- _Records provided_:
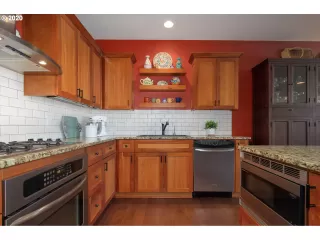 Photo #6: 20545807 Listing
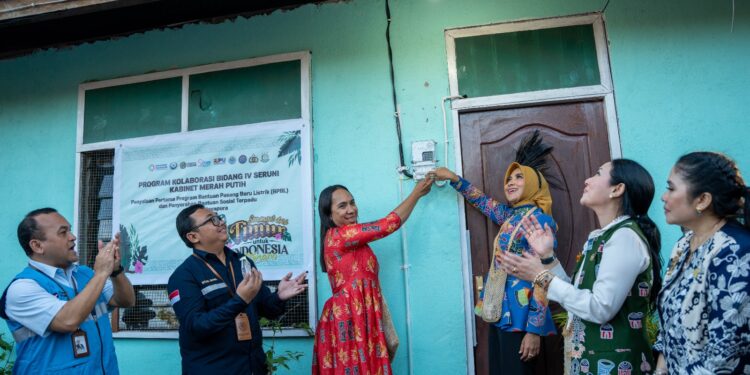 2.000 Rumah Tangga di Papua Dapat Sambungan Listrik Gratis dari Pemerintah dan PLN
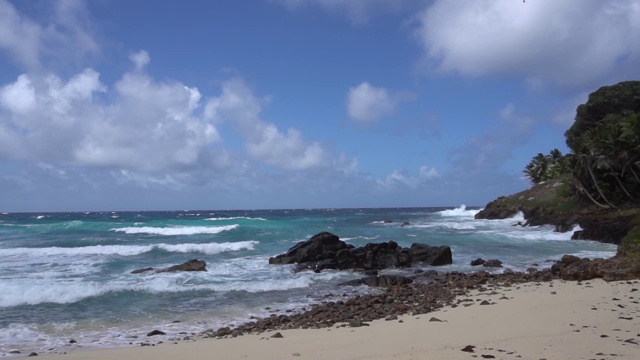 海浪对悬崖或海岸线的冲击视频素材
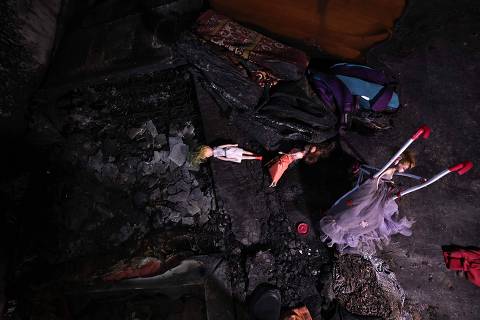 TOPSHOT - Toys are scaterred amid charred objects inside a house in the aftermath of an attack by Israeli settlers in occupied West Bank village of  Al-Mughayyir near Ramallah, on April 17, 2024. After 14-year-old Israeli herder Benjamin Achimeir went missing on April 12 in the  illegal settler outpost of Malachi Hashalom, dozens of Jewish settlers raided the village of Al-Mughayyir. (Photo by Zain JAAFAR / AFP)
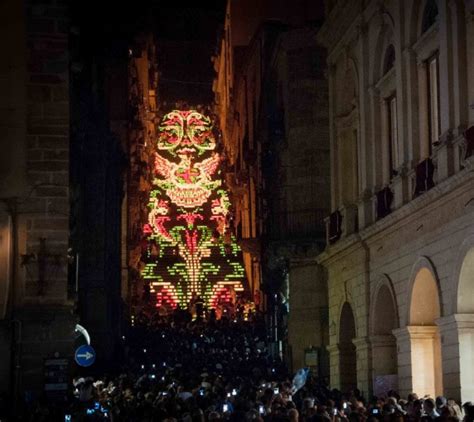Scalinata illuminata di Caltagirone durante la festa di San Giacomo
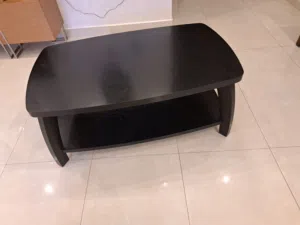 للبيع طولة اللون اسود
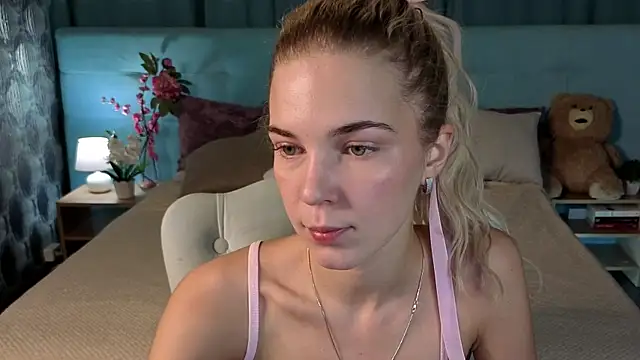 Aurora Bennet online show from 21, 11, 2025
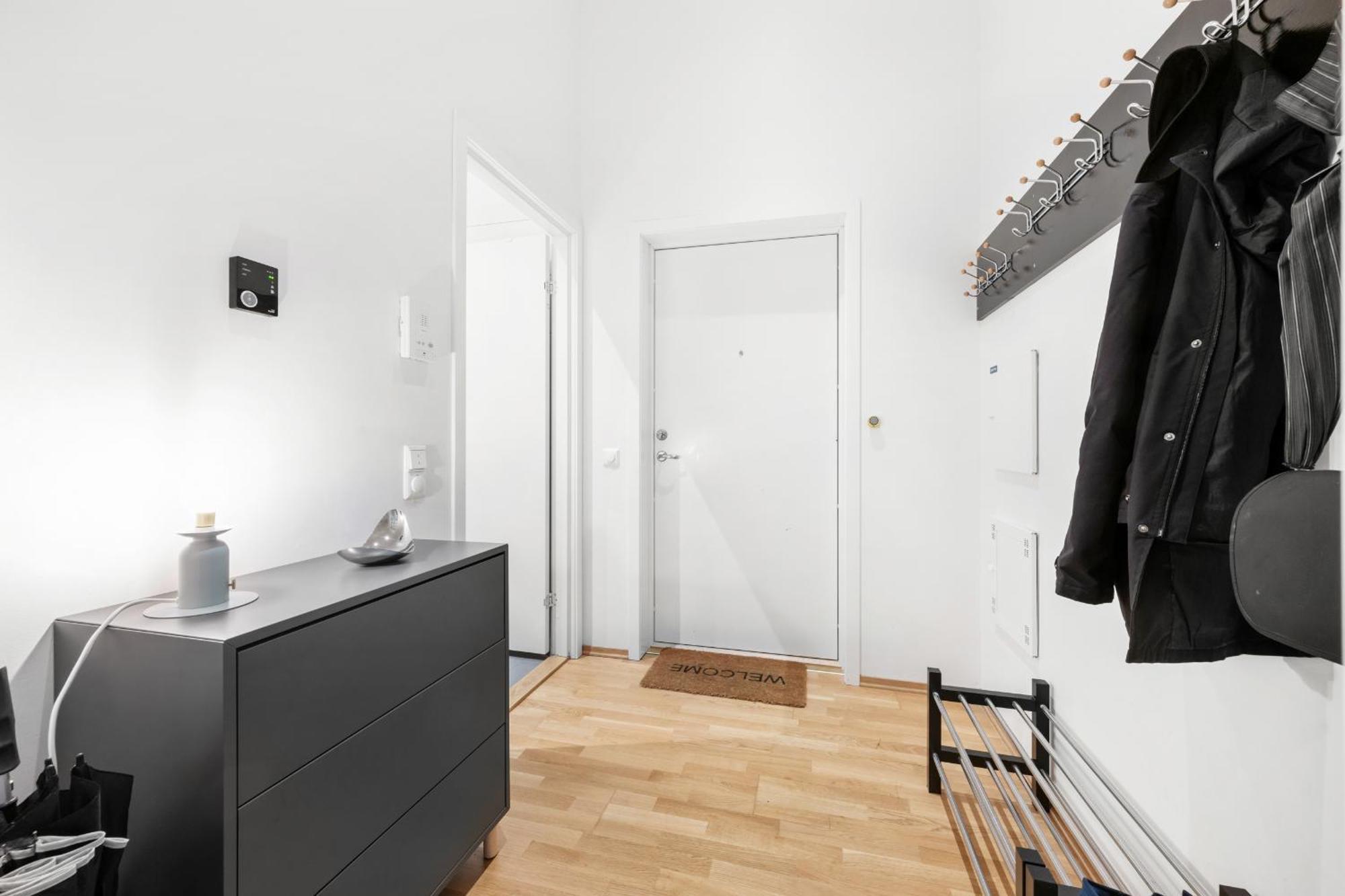 Modern With Rooftop Terrace And Stunning Views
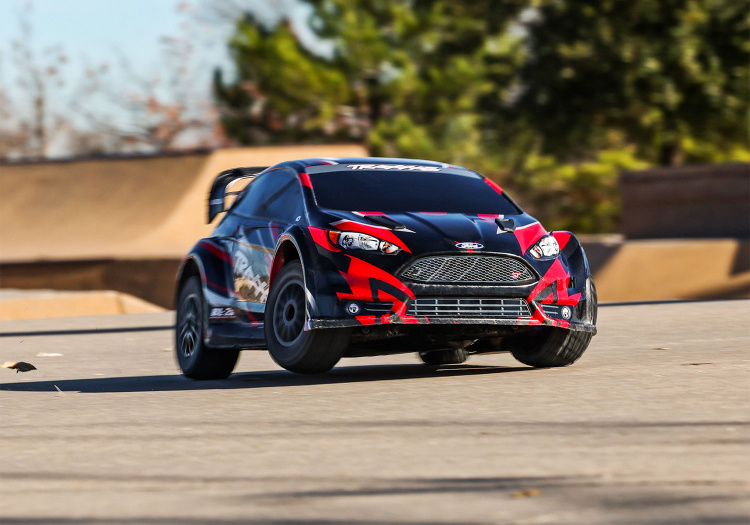 Traxxas Ford Fiesta ST Rally 1/10 4WD RTR TQ Röd BL-2S - 4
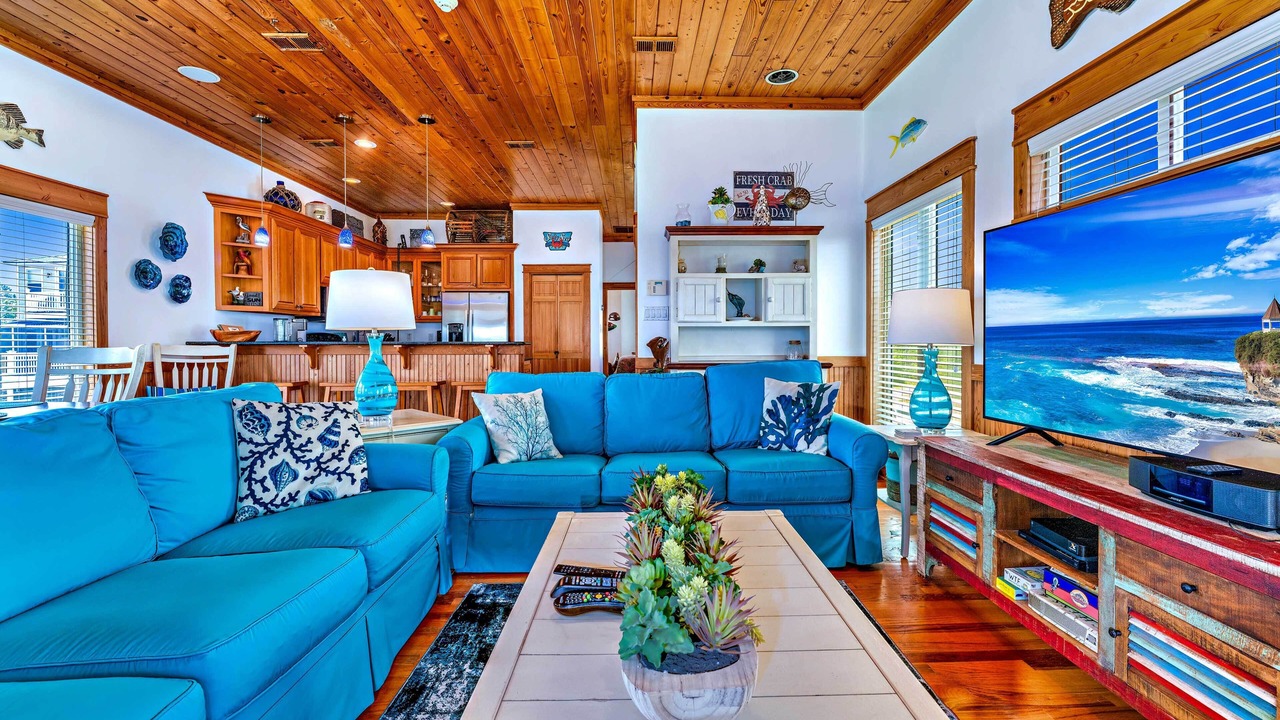 Photo of Livingroom in Carrabelle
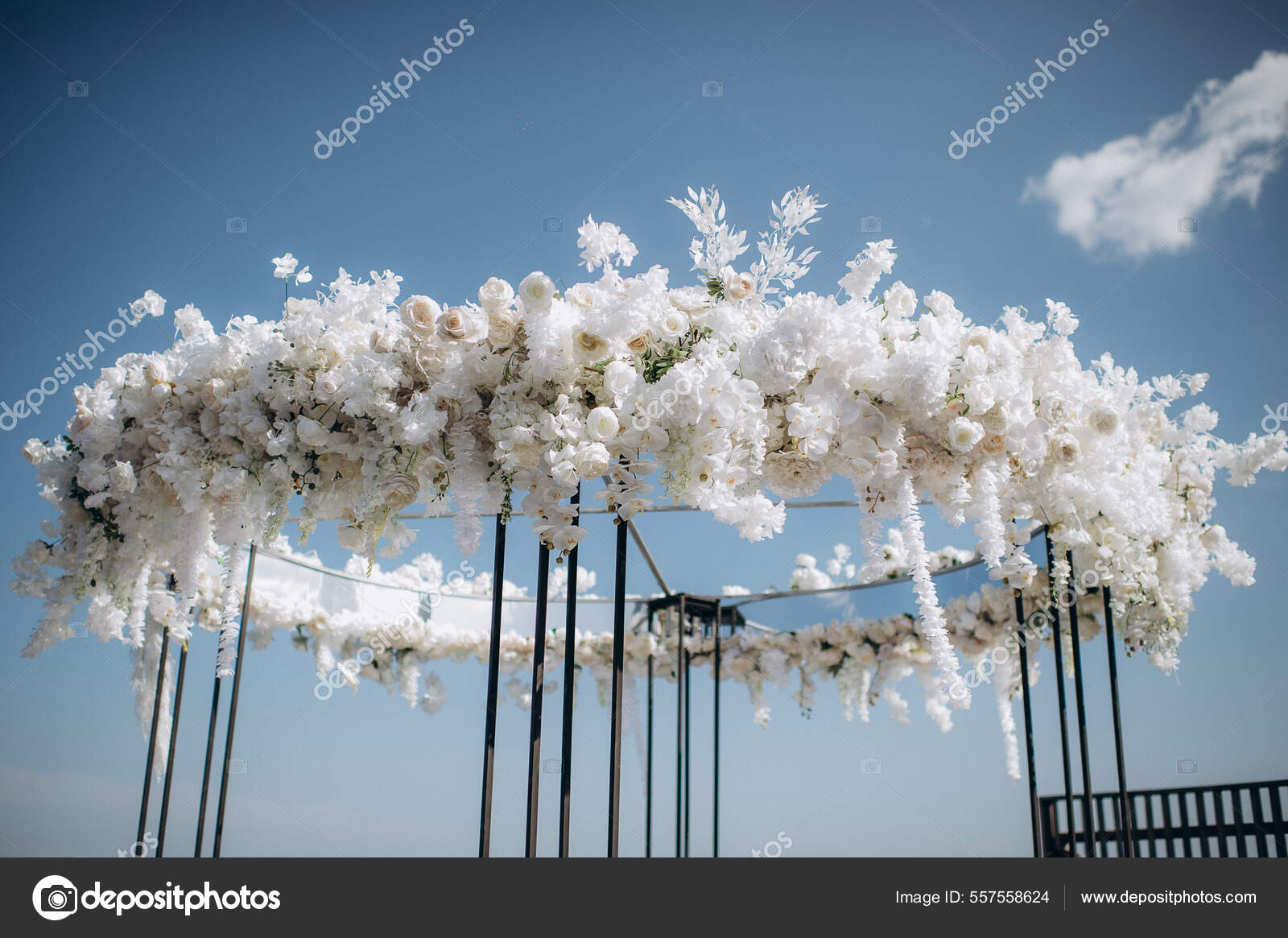 Arreglos Flores Blancas Decoración Ceremonia Boda: fotografía de stock ©  Mjade #557558624 | Depositphotos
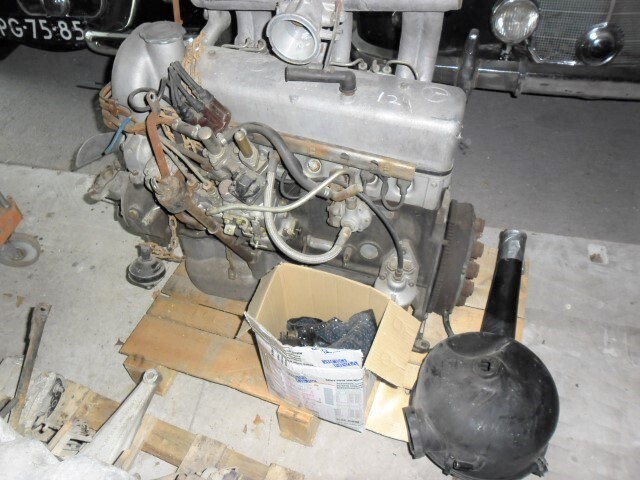 220 SE Ponton motor 220 SE Ponton motor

- _Exercise prompt_: Your answer is the exact run of lines above from the one with "Scalinata illuminata di" through the one with "Traxxas Ford Fiesta", both ends included, minus any picture.

- _Answer space_:
Scalinata illuminata di Caltagirone durante la festa di San Giacomo
 للبيع طولة اللون اسود
 Aurora Bennet online show from 21, 11, 2025
 Modern With Rooftop Terrace And Stunning Views
 Traxxas Ford Fiesta ST Rally 1/10 4WD RTR TQ Röd BL-2S - 4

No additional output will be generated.